The allegations, contained in a nearly 300-page court complaint filed late on Tuesday, are based in part on interviews with more than 100 former company employees and others who are described in the lawsuit as having knowledge of Freddie Mac's operations and finances.

Both Freddie Mac and Fannie Mae, the largest providers of residential mortgage funds, were seized by the government last September to save them from massive capital shortfalls and put in a legal status known as conservatorship.

Shareholders at both companies have suffered big losses, with Freddie Mac shareholders saying they collectively lost billions when the McLean, Virginia-based company's financial troubles came to light last year. Its share price has plunged to less than $1 from nearly $28 a year ago.

The lawsuit, an amended version of an earlier case, was brought in U.S. District Court in Manhattan against the company, former Chief Executive Richard Syron, Former Chief Financial Officer Anthony Piszel and ex-Chief Business Officer Patricia Cook.

A Freddie Mac spokeswoman said the company does not comment on pending litigation. An attorney for the former executives was not available for comment.

One of the unnamed employees cited in the lawsuit is a former director of operational risk management at the company, who was quoted in the complaint as saying that Freddie Mac was an appallingly run company and that it was clear as far back as August 2007 that its capital position was inadequate.

CONFIDENTIAL WITNESSES

Other so-called confidential witnesses cited in the complaint include a former Freddie Mac vice president of investor relations and an ex-senior examiner with the Office of Federal Housing Enterprise Oversight, the company's regulator, now part of the newly formed Federal Housing Finance Agency.
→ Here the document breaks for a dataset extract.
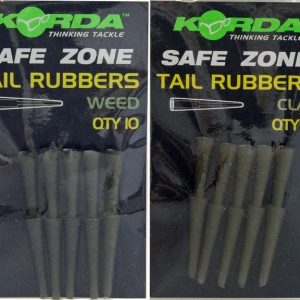 Korda Safe Zone Rubbers – 10 Gummischläuche
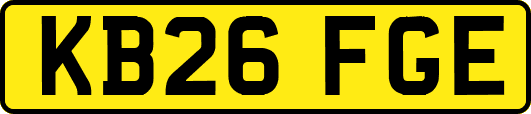 KB26FGE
The complaint was filed by the lead plaintiff in the case, Central States Southeast and Southwest Areas Pension Fund, along with another pension fund that also had bought Freddie Mac stock, the National Elevator Industry Pension Plan. The lawsuit seeks class-action, or group status.
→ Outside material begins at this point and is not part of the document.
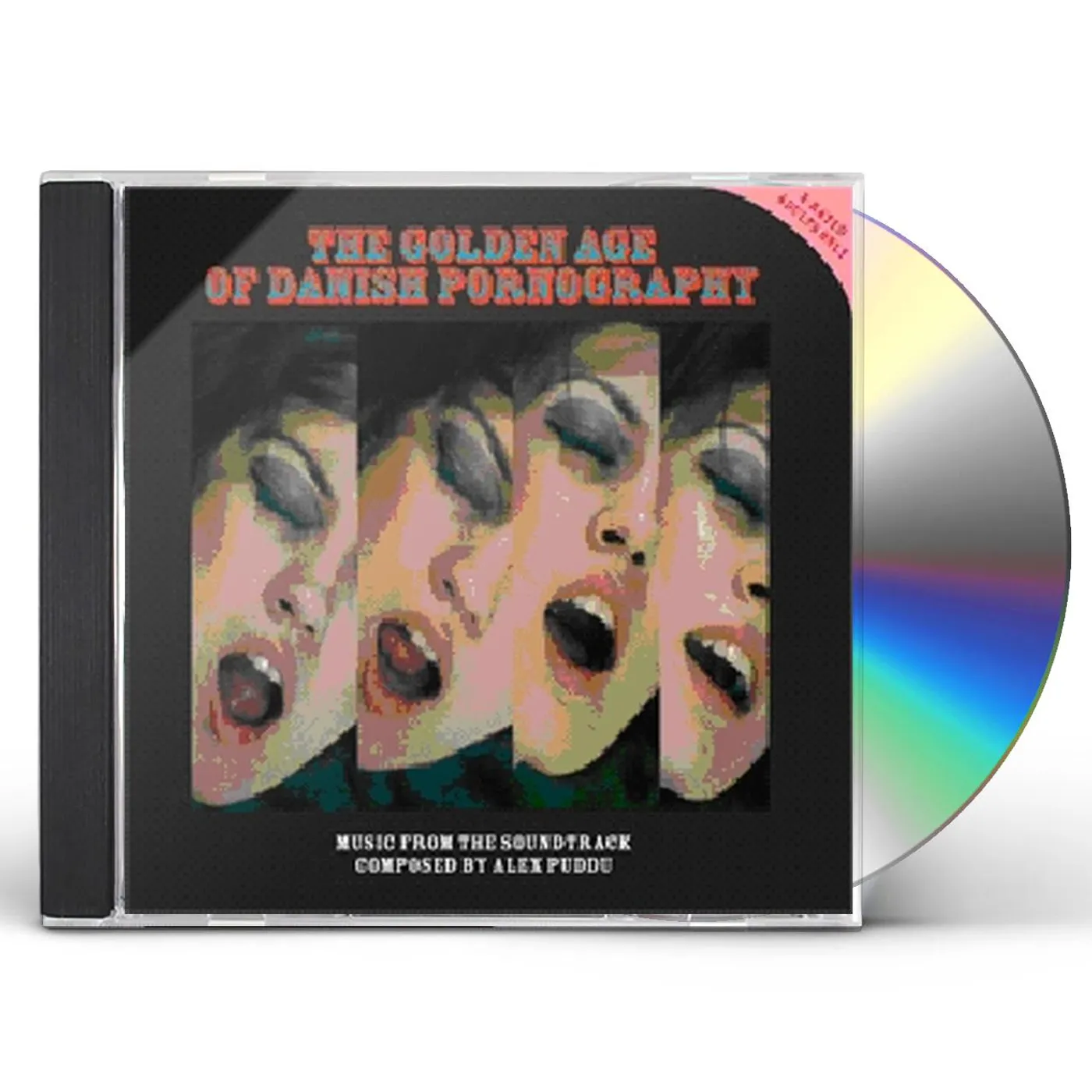 Alex Puddu GOLDEN AGE OF DANISH PORNOGRAP CD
The defendants are accused of inflating the value of Freddie Mac stock through misleading statements, failing to disclose problems with the company's capital adequacy and manipulating financial results and accounting practices to distort the truth about the company's health.
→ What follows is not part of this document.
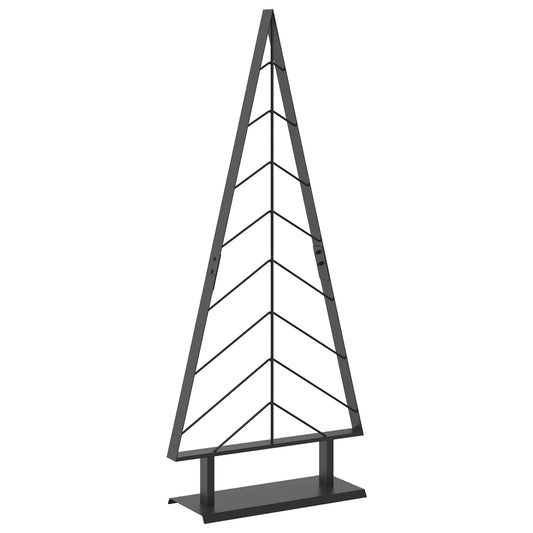 Metal Christmas Tree with Triangle Stand KUOPIO 125 cm Steel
Freddie Mac was essentially a wolf in sheep's clothing, David George, an attorney for the shareholders, told Reuters.

The company misrepresented both that it was a safe haven and that its exposure to the subprime real estate market was minimal, said George, of law firm Coughlin Stoia Geller Rudman & Robbins LLP.

The government's control of Freddie Mac poses questions about how shareholder litigation against the company will be resolved. U.S. taxpayers could potentially be responsible for paying damages if the plaintiffs win their case.

George said that while it was unique to be suing a company under government control, from our perspective, it does not and should not negatively impact our ability to recover monies on behalf of the shareholders.